(Stored records)
↓

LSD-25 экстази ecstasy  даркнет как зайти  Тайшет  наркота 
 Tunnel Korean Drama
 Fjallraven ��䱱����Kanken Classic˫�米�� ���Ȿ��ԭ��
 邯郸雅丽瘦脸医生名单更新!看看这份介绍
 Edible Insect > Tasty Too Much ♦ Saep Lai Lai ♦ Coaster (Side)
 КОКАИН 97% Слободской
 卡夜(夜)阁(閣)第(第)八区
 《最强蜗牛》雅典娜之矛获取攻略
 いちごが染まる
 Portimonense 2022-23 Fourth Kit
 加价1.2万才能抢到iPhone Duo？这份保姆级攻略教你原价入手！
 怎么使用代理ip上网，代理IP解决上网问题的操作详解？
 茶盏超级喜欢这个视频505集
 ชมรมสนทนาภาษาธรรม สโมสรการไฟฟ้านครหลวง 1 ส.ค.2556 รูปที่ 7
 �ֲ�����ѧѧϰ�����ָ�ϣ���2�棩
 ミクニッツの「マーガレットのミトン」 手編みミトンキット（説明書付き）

↑

EXERCISE AIM: A faithful copy of the lines from the line containing "茶盏超级喜欢这个视频505集" to the end of the data should be set down, both ends included, and nothing more.

EXERCISE OUTPUT:
 茶盏超级喜欢这个视频505集
 ชมรมสนทนาภาษาธรรม สโมสรการไฟฟ้านครหลวง 1 ส.ค.2556 รูปที่ 7
 �ֲ�����ѧѧϰ�����ָ�ϣ���2�棩
 ミクニッツの「マーガレットのミトン」 手編みミトンキット（説明書付き）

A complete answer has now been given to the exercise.